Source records
- - - -

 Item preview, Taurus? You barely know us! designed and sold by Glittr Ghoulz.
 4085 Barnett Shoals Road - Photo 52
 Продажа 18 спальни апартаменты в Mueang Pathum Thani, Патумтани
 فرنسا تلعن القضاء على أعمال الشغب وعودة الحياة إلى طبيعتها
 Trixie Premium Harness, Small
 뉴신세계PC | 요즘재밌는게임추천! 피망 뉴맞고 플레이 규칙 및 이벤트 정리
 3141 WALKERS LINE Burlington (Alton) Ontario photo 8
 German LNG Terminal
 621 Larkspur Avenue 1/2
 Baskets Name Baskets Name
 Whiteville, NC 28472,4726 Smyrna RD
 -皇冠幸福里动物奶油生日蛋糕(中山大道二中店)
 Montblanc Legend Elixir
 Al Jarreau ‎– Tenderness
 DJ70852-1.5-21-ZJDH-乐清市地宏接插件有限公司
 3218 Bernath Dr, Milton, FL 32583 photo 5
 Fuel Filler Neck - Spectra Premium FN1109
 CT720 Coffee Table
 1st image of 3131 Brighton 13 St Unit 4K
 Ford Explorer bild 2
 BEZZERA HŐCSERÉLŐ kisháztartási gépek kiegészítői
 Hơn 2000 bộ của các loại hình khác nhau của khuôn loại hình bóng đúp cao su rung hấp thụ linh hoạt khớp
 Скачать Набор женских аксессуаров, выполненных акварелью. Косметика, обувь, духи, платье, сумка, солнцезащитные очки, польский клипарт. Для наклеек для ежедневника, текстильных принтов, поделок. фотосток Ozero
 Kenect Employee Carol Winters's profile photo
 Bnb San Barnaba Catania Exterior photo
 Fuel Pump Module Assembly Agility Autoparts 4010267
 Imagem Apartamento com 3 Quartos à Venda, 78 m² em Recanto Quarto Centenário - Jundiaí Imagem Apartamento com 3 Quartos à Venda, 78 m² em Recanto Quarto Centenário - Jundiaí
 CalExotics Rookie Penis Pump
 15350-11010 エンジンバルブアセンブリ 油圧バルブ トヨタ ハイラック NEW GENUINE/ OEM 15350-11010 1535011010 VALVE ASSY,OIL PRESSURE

- - - -

HOW TO COMPLETE THIS TASK = When the line with "German LNG Terminal" is reached in the data above, begin copying, and stop after the line with "BEZZERA HŐCSERÉLŐ kisháztartási"; copy each line exactly, both ends included.

WRITTEN REPLY =
 German LNG Terminal
 621 Larkspur Avenue 1/2
 Baskets Name Baskets Name
 Whiteville, NC 28472,4726 Smyrna RD
 -皇冠幸福里动物奶油生日蛋糕(中山大道二中店)
 Montblanc Legend Elixir
 Al Jarreau ‎– Tenderness
 DJ70852-1.5-21-ZJDH-乐清市地宏接插件有限公司
 3218 Bernath Dr, Milton, FL 32583 photo 5
 Fuel Filler Neck - Spectra Premium FN1109
 CT720 Coffee Table
 1st image of 3131 Brighton 13 St Unit 4K
 Ford Explorer bild 2
 BEZZERA HŐCSERÉLŐ kisháztartási gépek kiegészítői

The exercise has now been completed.